▸ WORK REQUIRED:
Drop the images. Copy every line below character for character.

▸ SUPPLIED INFORMATION:
= = = = = = =
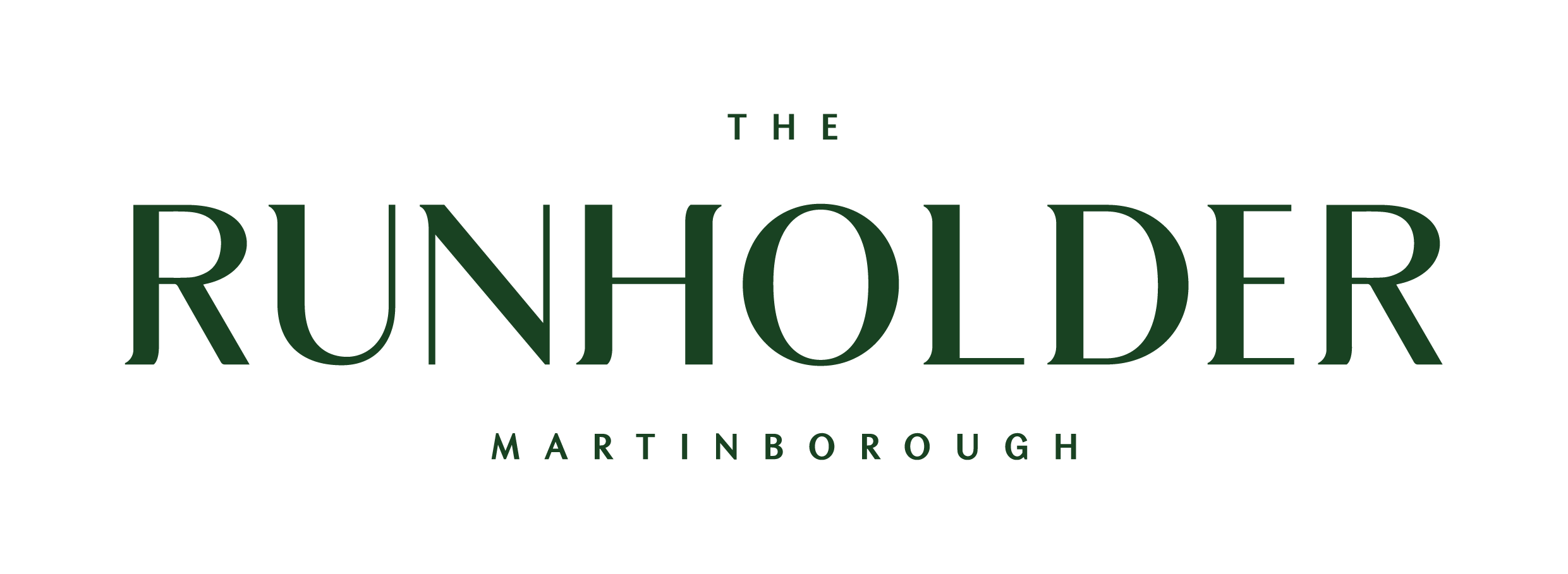 The Runholder logo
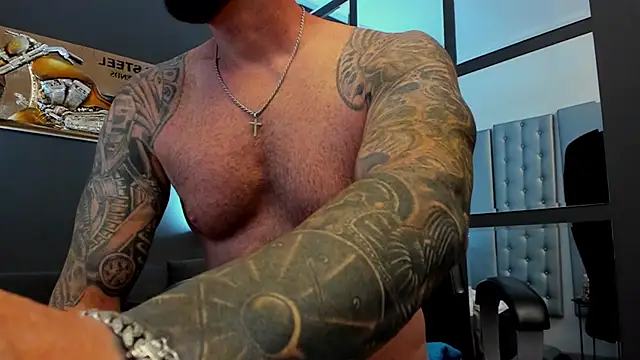 AronGrant webcam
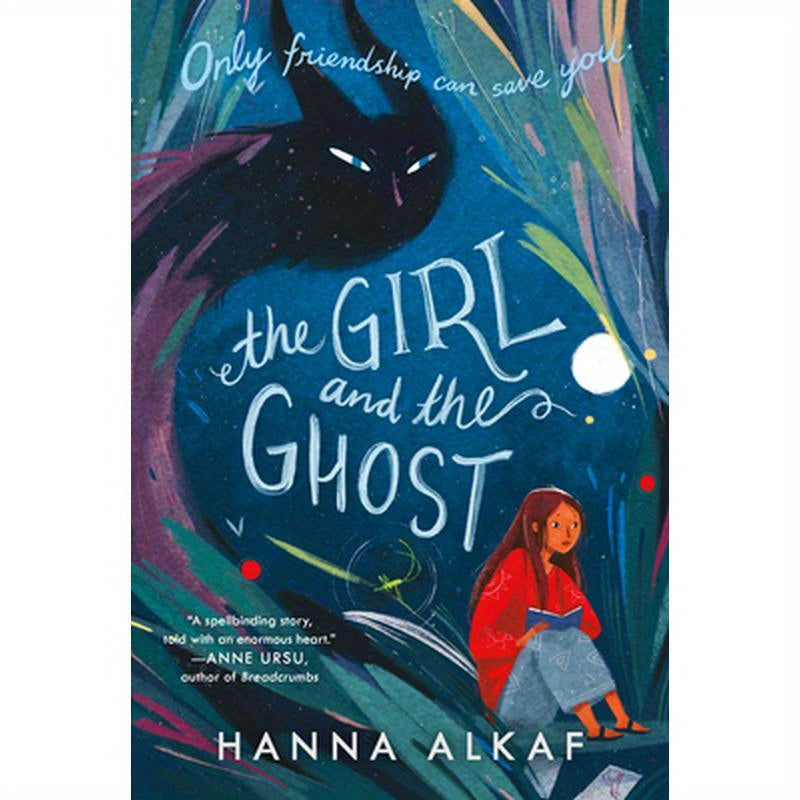 The Girl and the Ghost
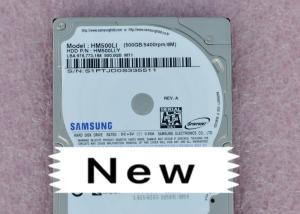 Wholesale HM500LI 500G Samsung Hard Disk SATA Serial Port Board Number BF41-00200A from china suppliers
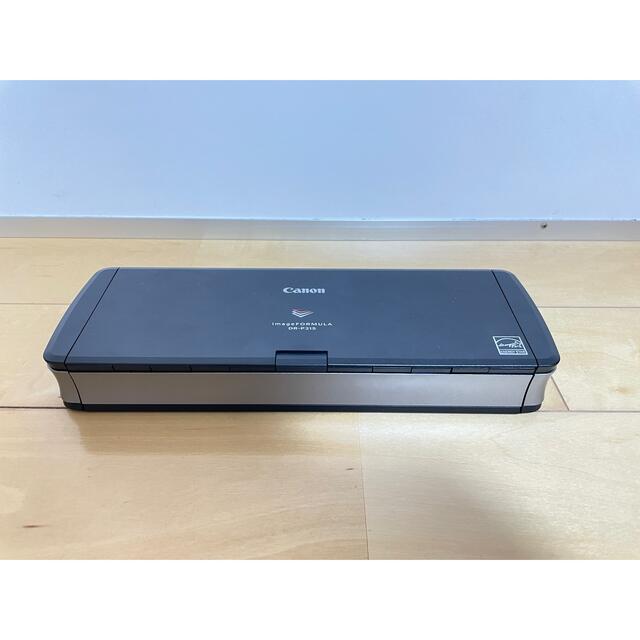 PC周辺機器スキャナー Canon DR-P215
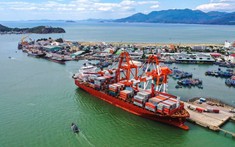 Mở rộng cảng Quy Nhơn (Bình Định) lên gần 90ha
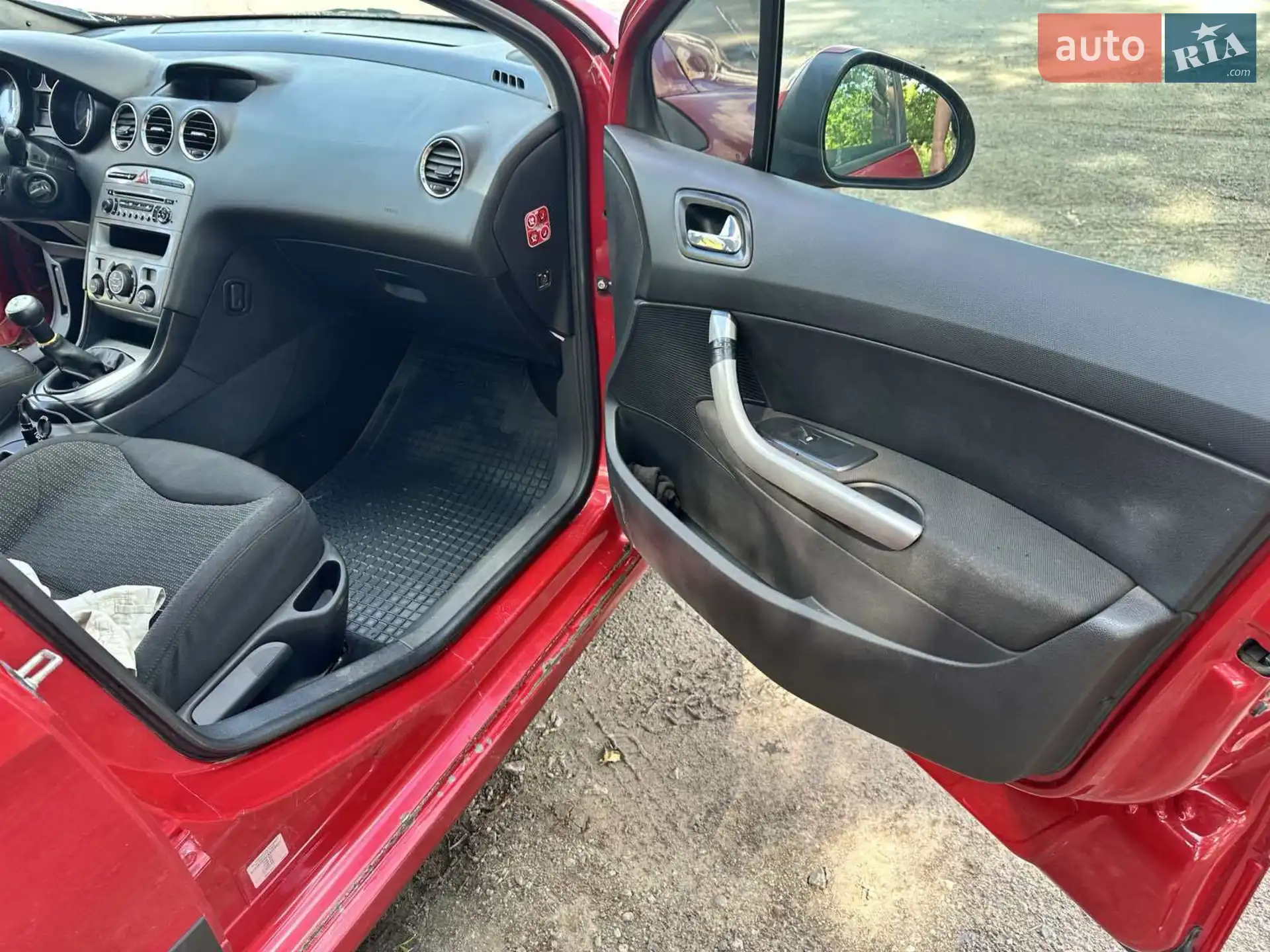2010 Peugeot 308 - мініатюра 8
= = = = = = =
▸ SOLUTION:
 The Runholder logo
 AronGrant webcam
 The Girl and the Ghost
 Wholesale HM500LI 500G Samsung Hard Disk SATA Serial Port Board Number BF41-00200A from china suppliers
 PC周辺機器スキャナー Canon DR-P215
 Mở rộng cảng Quy Nhơn (Bình Định) lên gần 90ha
2010 Peugeot 308 - мініатюра 8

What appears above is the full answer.